まあ、そのせいで呼んでもいない輩がら現われるわけで、あっちを立てればこっちが立たずってやつだけど。

「おじさん、夜明け前っすよ! 起きてくださいっす!」
「……えー、もうそんな時間かい? まだ寝てたいのに」
次に起こしたのは気怠そうな雰囲気の中年男で、キキが言うにはパン屋で働いてるんだとか。なるほど、パン職人の朝は早い。みんなが起きるくらいには焼き立てのパンを並べ始めなきゃいけないんだから、もう朝より前に起きる時点から仕事は始まっている。
「パンの匂い! おいしそう!」
ウストムィが食欲に負けたのか、壁をよじ登って窓枠へと手を伸ばし、
「パン! パン、食べたい!」
「うわぁ! ウェンディゴ!? なんで!?」
頭に生えた鹿のような角で驚かせて、すっかり目を覚まさせた。おじさん、大丈夫、そのウェンディゴは人は食べないから。食べないよね? おなか空かせてるから、ちょっと自信ないな。

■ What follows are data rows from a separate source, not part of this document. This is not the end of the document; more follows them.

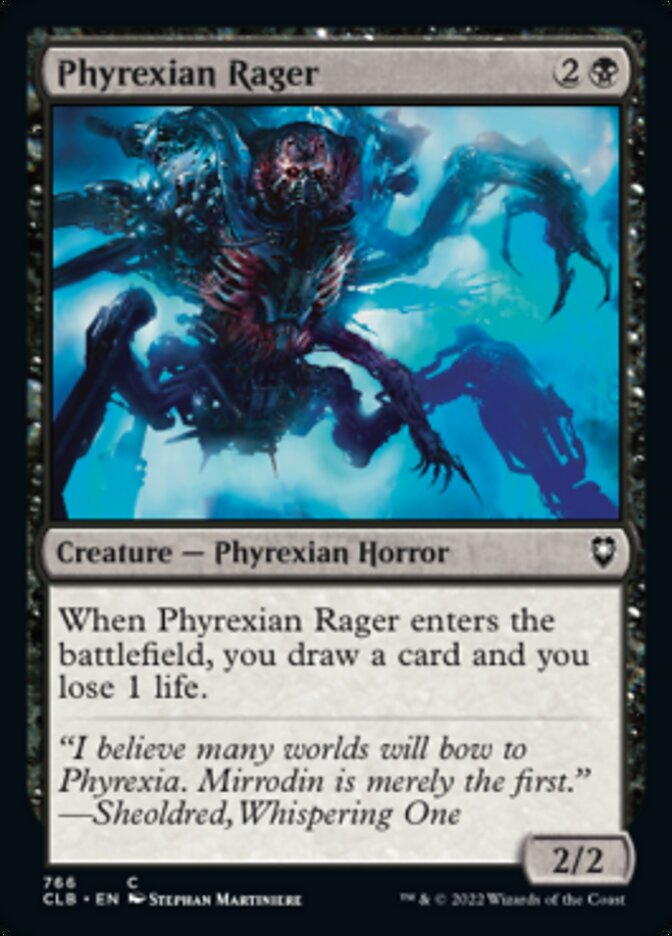 Phyrexian Rager [Commander Legends: Battle for Baldur's Gate] | Good Games Morley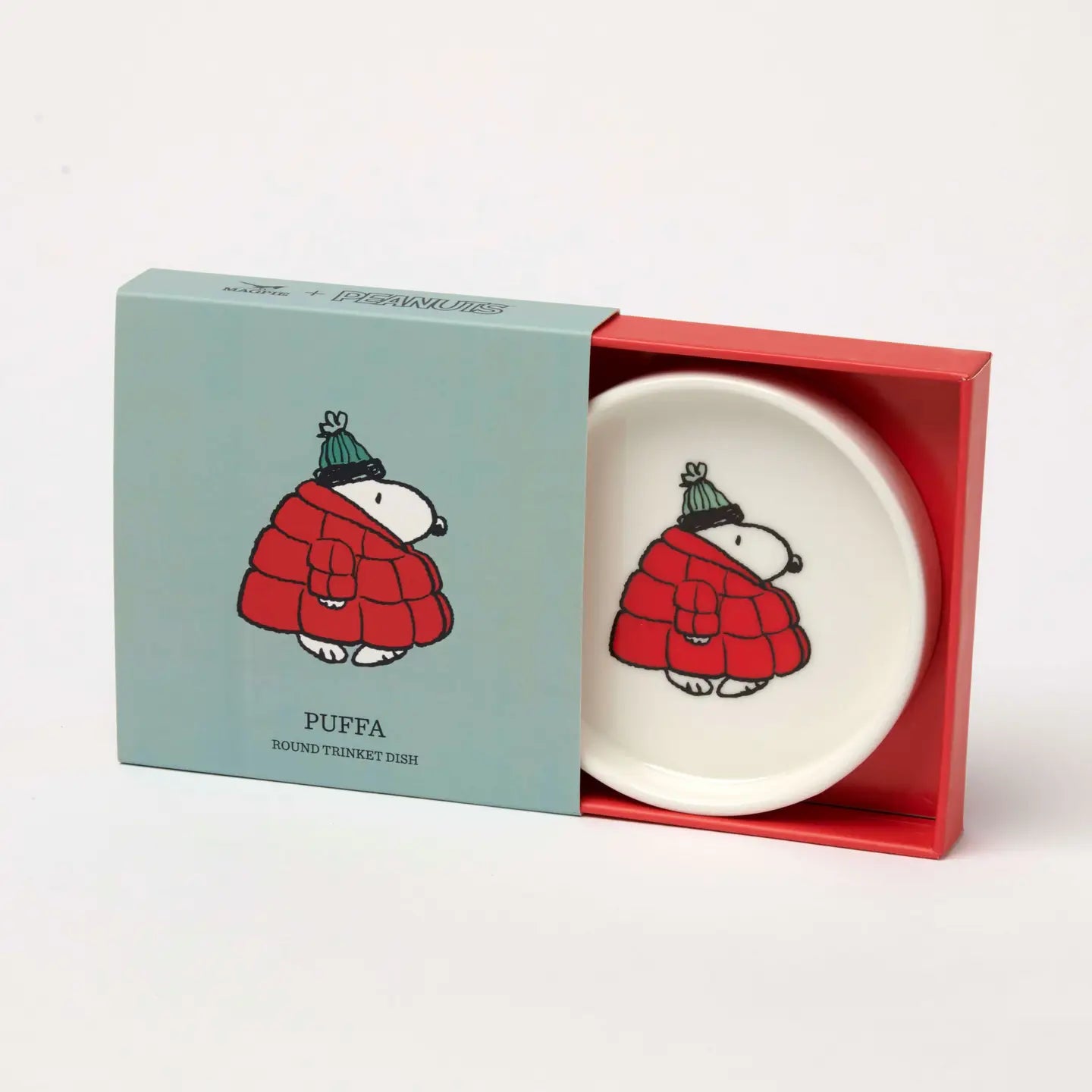 Magpie Gifts Peanuts Snoopy Round Trinket Dish - Puffa
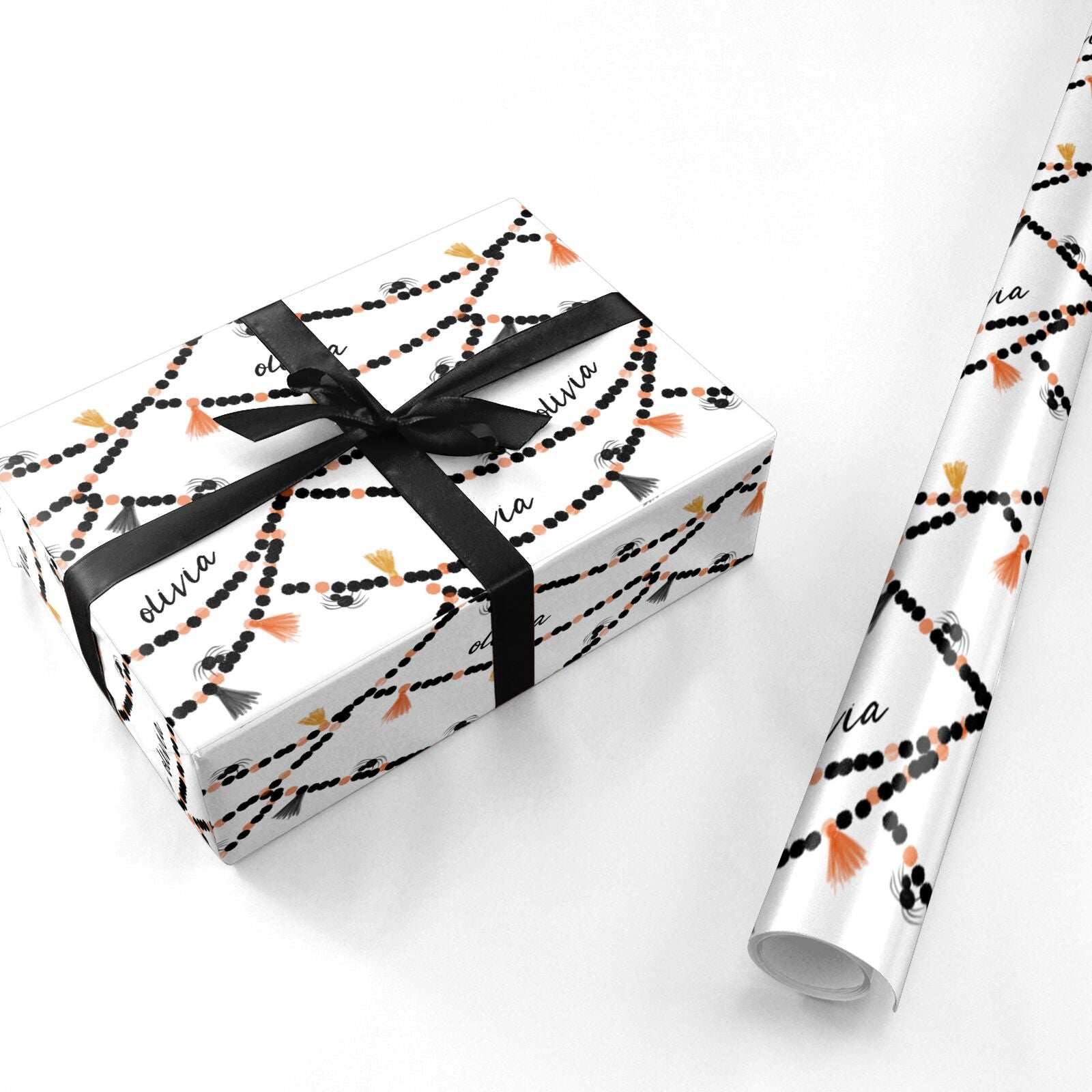 Spider Halloween Personalised Wrapping Paper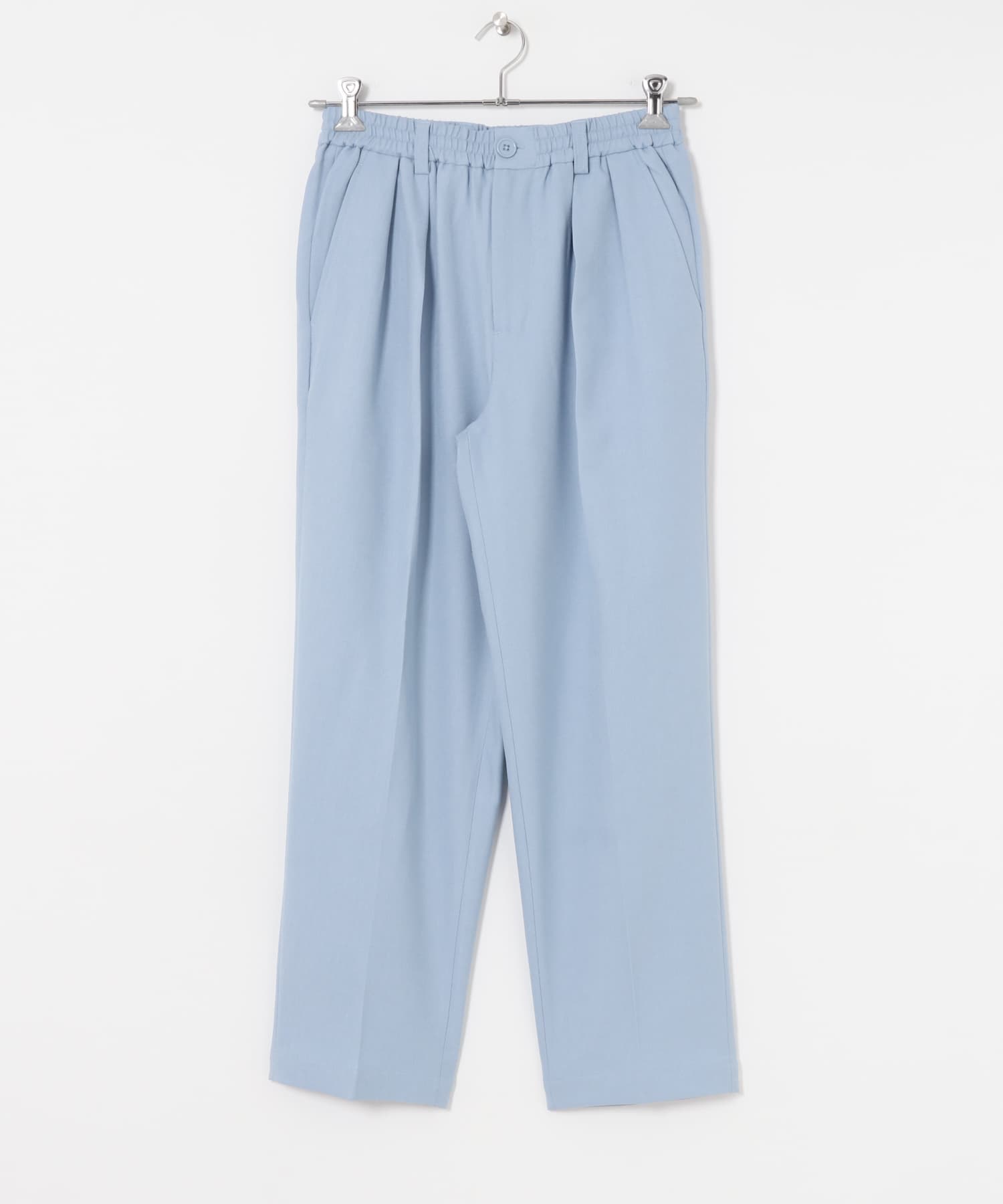 URBAN RESEARCH iD　LINEN LIKE EASY PANTS BLUE M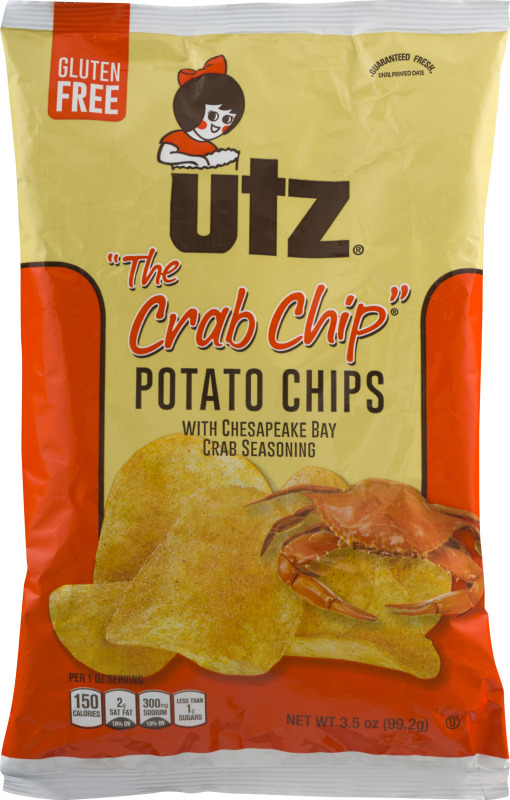Utz "The Crab Chip" Potato Chips with Chesapeake Bay Crab Seasoning Utz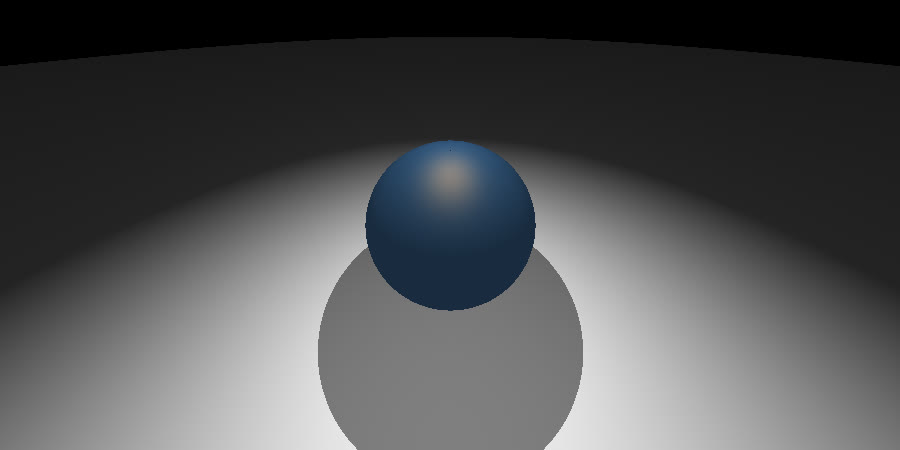 Shading study of a sphere and its shadow under varying light.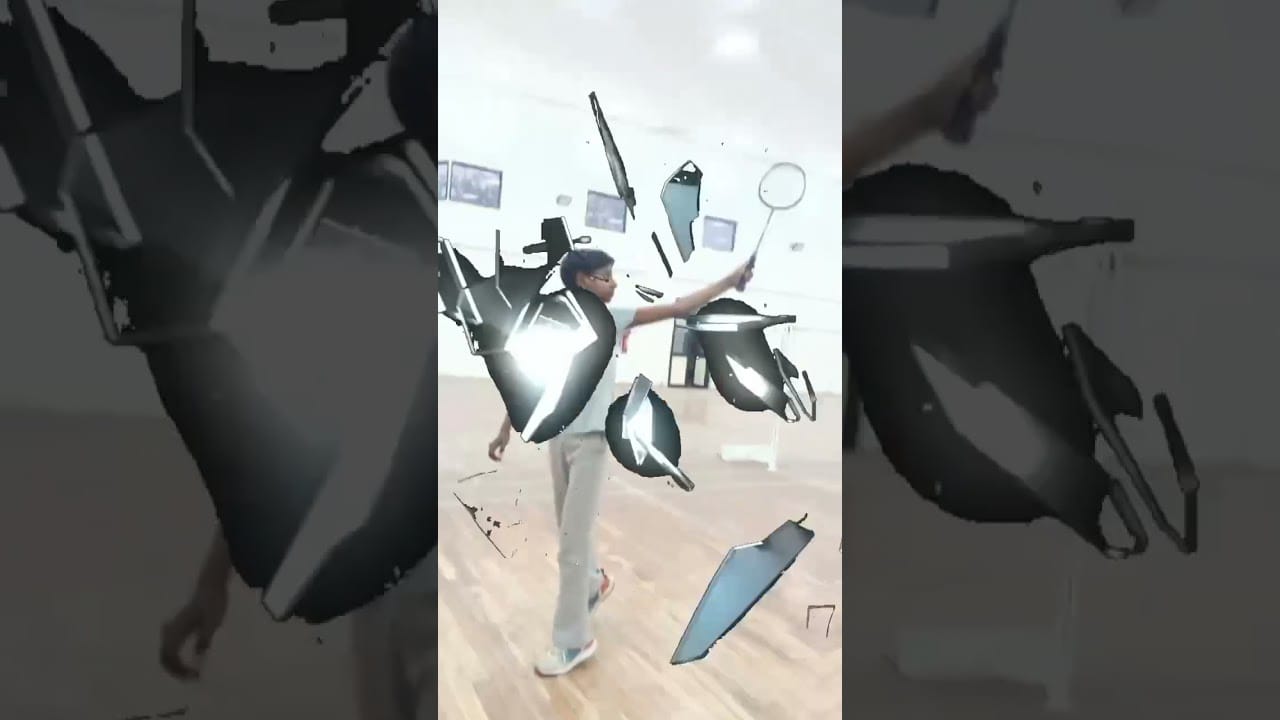 badminton backhand #shorts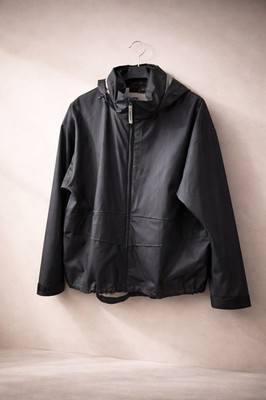 Tingley Stormflex Waterproof Rain Jacket  Roll-a-way Hood  XL Mens Black Pockets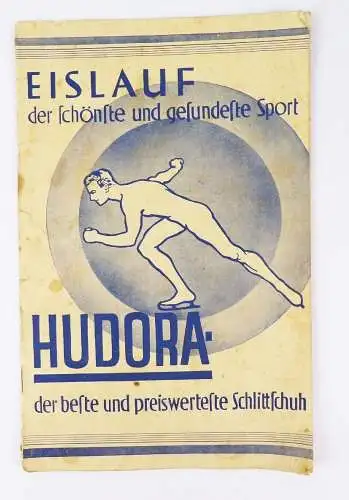 Hudora Schlittschuhe Radevormwald Reklame Heft Eiskunstlauf Eislauf 1933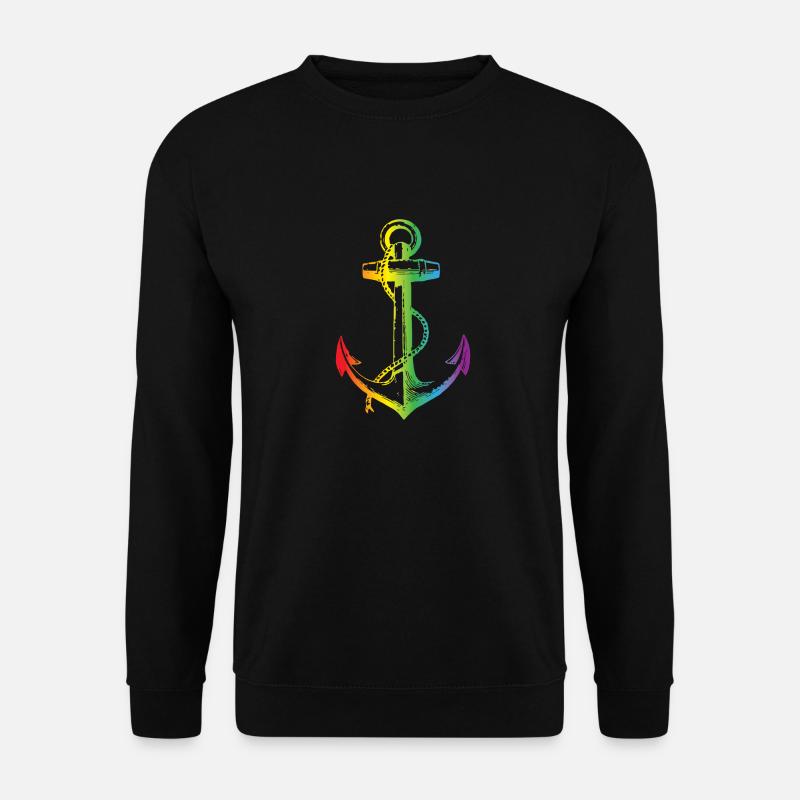 Rainbow Regenbogen Pride Homosexual Kleidung Mann - Unisex Pullover - Schwarz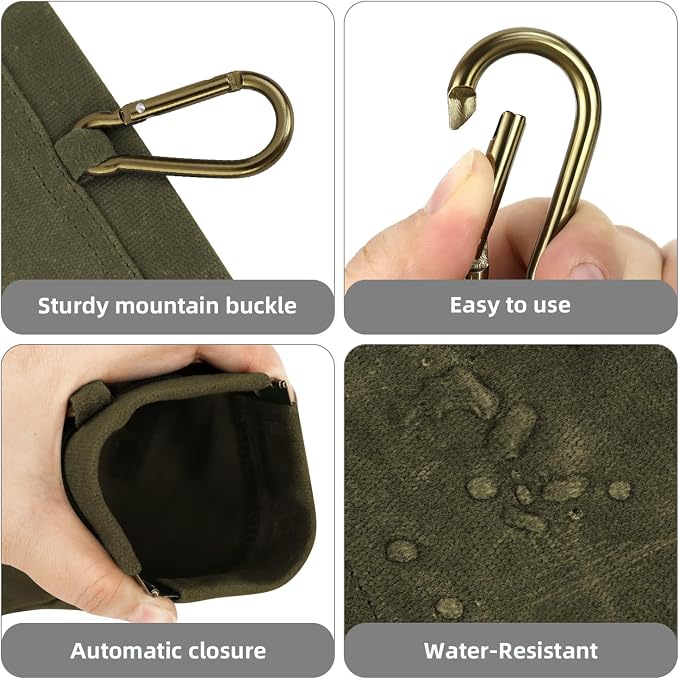 1 Pcs Pocket Pet Training Pouch,Dog Treat Pouch (Olive drab) | For Portable Pet Dog Walking Bag, Travel or Outdoor Use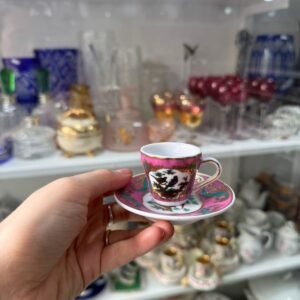 Dúo de café petit de colección de porcelana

「あねさん、朝になるっすよ! お祈りの時間っすよ!」
「……やだ、まだ寝ていたい。神なら休暇を取った」
窓から顔を出したのは教会に勤める修道女らしいんだけど、教会関係者は酒を禁止されているのに、髪の毛にも体にもしっかり酒の匂いが残っている。どうやらこの酒くささを隠すために、他の修道女より早く起きてるらしい。
神に仕えるのも大変だ。もし説教とかされたら酒瓶で殴ったらいいと思う。
「キキ、あたしが断言するわ。今日は神は休み」
「神は休みとか取らないし、早くそのにおい、なんとかするっすよ!」
修道女は袋に銅貨を入れたところで、ようやく目を覚ましたのか、火を起こしてお湯を沸かし始めた。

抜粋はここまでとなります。